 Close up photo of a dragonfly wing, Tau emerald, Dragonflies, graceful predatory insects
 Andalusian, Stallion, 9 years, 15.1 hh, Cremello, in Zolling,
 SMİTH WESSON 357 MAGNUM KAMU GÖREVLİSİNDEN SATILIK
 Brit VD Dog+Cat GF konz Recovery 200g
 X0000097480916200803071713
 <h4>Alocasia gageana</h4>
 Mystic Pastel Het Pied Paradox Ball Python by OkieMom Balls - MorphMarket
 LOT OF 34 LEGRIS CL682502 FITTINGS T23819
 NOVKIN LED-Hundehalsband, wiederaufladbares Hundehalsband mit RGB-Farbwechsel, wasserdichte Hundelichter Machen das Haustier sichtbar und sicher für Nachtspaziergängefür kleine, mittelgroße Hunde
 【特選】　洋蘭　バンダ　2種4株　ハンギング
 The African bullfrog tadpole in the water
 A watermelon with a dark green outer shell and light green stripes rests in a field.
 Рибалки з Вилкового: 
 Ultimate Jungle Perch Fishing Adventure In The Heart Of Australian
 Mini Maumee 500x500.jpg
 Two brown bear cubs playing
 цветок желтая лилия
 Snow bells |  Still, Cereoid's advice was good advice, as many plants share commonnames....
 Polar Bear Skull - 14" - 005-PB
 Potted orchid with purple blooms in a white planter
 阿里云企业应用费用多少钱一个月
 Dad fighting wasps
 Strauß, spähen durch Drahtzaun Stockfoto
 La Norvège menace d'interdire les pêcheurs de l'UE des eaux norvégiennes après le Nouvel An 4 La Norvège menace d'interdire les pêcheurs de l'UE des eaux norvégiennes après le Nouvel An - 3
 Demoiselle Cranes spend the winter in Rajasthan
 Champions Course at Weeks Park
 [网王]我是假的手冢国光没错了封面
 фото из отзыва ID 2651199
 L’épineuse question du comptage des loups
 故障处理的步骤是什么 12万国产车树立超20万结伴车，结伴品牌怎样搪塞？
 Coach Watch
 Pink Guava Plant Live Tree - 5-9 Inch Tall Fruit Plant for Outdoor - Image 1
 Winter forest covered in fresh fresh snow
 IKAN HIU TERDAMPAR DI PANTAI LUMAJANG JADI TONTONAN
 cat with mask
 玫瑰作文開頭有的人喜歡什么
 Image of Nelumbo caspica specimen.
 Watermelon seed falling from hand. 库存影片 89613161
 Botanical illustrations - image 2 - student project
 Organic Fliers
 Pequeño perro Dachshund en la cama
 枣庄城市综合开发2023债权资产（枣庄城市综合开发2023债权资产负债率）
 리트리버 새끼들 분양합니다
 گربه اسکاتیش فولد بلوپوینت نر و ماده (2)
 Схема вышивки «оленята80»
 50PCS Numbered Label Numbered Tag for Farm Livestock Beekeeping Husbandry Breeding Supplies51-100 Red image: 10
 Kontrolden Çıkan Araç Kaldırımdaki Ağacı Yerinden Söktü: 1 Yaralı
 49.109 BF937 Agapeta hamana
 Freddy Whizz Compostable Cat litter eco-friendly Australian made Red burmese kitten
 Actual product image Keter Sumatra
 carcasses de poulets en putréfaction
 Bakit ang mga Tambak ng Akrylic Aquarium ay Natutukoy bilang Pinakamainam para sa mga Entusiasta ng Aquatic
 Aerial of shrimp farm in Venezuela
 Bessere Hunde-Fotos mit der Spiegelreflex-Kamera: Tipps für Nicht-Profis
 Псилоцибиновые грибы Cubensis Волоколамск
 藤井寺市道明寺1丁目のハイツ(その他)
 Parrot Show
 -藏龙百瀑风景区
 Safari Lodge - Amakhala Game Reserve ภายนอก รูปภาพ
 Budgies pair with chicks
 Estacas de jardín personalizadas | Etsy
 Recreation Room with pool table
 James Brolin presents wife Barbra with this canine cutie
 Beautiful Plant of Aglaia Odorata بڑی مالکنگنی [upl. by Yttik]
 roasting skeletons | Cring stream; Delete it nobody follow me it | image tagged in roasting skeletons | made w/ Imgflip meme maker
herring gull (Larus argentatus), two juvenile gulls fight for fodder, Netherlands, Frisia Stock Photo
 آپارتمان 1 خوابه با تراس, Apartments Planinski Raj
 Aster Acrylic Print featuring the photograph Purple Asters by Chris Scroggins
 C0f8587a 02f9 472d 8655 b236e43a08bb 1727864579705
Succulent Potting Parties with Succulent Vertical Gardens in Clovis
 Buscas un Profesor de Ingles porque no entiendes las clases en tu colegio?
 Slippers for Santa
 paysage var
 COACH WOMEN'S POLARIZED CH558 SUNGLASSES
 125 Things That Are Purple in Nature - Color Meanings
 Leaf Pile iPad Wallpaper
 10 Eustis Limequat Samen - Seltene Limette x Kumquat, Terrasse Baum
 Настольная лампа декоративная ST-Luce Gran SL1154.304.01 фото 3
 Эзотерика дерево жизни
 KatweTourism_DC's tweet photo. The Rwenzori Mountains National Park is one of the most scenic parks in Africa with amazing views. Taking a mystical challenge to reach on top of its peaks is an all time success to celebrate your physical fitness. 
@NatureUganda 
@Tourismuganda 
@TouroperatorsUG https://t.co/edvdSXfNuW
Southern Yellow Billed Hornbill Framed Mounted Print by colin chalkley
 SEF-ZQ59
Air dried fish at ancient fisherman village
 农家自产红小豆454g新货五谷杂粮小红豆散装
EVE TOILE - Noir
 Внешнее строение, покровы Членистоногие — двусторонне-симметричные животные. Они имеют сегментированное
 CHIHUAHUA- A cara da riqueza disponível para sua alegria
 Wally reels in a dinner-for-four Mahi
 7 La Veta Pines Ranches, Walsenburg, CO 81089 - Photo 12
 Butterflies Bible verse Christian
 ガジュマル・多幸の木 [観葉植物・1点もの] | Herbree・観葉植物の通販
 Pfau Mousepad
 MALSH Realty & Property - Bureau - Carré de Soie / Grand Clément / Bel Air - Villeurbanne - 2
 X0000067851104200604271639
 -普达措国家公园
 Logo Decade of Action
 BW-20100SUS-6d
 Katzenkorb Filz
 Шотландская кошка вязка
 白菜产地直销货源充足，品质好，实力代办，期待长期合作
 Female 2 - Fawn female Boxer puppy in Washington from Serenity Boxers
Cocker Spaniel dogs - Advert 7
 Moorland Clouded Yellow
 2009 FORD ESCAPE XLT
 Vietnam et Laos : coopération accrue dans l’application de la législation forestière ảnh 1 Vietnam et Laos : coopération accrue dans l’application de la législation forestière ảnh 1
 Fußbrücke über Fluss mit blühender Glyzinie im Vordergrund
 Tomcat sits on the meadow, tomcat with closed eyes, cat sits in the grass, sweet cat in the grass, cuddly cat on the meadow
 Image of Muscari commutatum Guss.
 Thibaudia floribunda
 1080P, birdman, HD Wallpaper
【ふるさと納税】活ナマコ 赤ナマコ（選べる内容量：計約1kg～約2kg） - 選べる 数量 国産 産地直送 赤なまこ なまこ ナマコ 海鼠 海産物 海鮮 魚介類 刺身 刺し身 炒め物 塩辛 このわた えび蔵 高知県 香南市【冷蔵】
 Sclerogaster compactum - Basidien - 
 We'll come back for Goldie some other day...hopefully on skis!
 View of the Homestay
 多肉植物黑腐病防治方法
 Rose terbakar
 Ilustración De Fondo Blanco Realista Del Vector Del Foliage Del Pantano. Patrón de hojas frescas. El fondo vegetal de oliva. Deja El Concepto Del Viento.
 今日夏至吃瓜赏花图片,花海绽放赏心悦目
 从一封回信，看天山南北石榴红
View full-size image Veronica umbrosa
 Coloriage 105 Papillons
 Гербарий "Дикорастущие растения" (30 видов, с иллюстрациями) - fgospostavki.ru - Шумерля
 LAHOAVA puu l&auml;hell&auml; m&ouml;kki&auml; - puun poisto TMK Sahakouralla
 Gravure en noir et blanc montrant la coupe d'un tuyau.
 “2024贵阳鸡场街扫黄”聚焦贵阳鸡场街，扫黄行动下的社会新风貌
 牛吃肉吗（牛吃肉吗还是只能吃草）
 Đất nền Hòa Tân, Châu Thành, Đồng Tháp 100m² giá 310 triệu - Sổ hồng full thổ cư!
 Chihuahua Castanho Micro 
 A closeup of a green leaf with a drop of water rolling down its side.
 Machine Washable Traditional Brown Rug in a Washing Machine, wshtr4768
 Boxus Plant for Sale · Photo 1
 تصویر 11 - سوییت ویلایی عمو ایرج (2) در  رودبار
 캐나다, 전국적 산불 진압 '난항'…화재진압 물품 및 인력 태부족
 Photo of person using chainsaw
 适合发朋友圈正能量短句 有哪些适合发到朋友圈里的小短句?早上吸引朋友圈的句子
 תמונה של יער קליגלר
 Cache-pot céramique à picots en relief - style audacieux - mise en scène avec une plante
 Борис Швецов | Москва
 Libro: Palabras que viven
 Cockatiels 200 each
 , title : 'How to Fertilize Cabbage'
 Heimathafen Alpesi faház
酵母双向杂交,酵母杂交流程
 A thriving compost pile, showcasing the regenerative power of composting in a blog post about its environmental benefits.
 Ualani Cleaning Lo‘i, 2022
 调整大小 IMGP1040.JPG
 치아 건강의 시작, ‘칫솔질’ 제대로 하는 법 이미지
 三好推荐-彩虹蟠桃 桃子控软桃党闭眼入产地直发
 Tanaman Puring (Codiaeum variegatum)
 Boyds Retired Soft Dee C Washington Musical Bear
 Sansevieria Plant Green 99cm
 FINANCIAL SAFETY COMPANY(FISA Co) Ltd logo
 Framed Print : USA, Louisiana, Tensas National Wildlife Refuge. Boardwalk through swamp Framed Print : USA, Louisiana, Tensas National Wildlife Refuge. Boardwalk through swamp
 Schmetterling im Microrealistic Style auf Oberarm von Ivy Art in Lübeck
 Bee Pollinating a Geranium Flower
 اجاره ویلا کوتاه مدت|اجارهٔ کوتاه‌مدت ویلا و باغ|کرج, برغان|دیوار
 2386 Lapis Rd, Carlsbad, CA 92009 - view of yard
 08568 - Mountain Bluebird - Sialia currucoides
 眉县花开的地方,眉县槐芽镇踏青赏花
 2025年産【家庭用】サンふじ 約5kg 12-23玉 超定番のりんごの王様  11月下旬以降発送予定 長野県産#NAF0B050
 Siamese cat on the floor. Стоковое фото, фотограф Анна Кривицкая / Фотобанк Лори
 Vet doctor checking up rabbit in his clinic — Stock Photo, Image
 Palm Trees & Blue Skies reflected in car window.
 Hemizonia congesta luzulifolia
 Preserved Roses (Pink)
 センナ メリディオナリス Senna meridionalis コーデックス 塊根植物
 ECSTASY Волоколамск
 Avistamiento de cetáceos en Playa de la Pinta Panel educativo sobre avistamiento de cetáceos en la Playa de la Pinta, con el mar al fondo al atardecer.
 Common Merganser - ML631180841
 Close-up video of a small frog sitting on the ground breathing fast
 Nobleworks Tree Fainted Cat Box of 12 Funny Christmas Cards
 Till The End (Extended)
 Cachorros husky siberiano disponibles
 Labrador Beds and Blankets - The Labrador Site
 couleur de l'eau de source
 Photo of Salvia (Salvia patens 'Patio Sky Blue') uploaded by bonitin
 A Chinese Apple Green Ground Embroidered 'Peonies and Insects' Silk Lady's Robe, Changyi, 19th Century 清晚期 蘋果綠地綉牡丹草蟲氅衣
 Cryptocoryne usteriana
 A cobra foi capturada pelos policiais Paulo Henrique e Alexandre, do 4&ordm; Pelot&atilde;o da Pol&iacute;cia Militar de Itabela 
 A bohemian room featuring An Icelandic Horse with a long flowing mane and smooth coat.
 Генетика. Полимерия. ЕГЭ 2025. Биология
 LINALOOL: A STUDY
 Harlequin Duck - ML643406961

○ ○ ○

__WHAT TO WORK ON__: Give again, word for word, the lines of the listing, starting at its first line and ending with the line containing "گربه اسکاتیش فولد بلوپوینت نر و ماده (2)".

__ANSWER TO THIS EXERCISE__:
 Close up photo of a dragonfly wing, Tau emerald, Dragonflies, graceful predatory insects
 Andalusian, Stallion, 9 years, 15.1 hh, Cremello, in Zolling,
 SMİTH WESSON 357 MAGNUM KAMU GÖREVLİSİNDEN SATILIK
 Brit VD Dog+Cat GF konz Recovery 200g
 X0000097480916200803071713
 <h4>Alocasia gageana</h4>
 Mystic Pastel Het Pied Paradox Ball Python by OkieMom Balls - MorphMarket
 LOT OF 34 LEGRIS CL682502 FITTINGS T23819
 NOVKIN LED-Hundehalsband, wiederaufladbares Hundehalsband mit RGB-Farbwechsel, wasserdichte Hundelichter Machen das Haustier sichtbar und sicher für Nachtspaziergängefür kleine, mittelgroße Hunde
 【特選】　洋蘭　バンダ　2種4株　ハンギング
 The African bullfrog tadpole in the water
 A watermelon with a dark green outer shell and light green stripes rests in a field.
 Рибалки з Вилкового: 
 Ultimate Jungle Perch Fishing Adventure In The Heart Of Australian
 Mini Maumee 500x500.jpg
 Two brown bear cubs playing
 цветок желтая лилия
 Snow bells |  Still, Cereoid's advice was good advice, as many plants share commonnames....
 Polar Bear Skull - 14" - 005-PB
 Potted orchid with purple blooms in a white planter
 阿里云企业应用费用多少钱一个月
 Dad fighting wasps
 Strauß, spähen durch Drahtzaun Stockfoto
 La Norvège menace d'interdire les pêcheurs de l'UE des eaux norvégiennes après le Nouvel An 4 La Norvège menace d'interdire les pêcheurs de l'UE des eaux norvégiennes après le Nouvel An - 3
 Demoiselle Cranes spend the winter in Rajasthan
 Champions Course at Weeks Park
 [网王]我是假的手冢国光没错了封面
 фото из отзыва ID 2651199
 L’épineuse question du comptage des loups
 故障处理的步骤是什么 12万国产车树立超20万结伴车，结伴品牌怎样搪塞？
 Coach Watch
 Pink Guava Plant Live Tree - 5-9 Inch Tall Fruit Plant for Outdoor - Image 1
 Winter forest covered in fresh fresh snow
 IKAN HIU TERDAMPAR DI PANTAI LUMAJANG JADI TONTONAN
 cat with mask
 玫瑰作文開頭有的人喜歡什么
 Image of Nelumbo caspica specimen.
 Watermelon seed falling from hand. 库存影片 89613161
 Botanical illustrations - image 2 - student project
 Organic Fliers
 Pequeño perro Dachshund en la cama
 枣庄城市综合开发2023债权资产（枣庄城市综合开发2023债权资产负债率）
 리트리버 새끼들 분양합니다
 گربه اسکاتیش فولد بلوپوینت نر و ماده (2)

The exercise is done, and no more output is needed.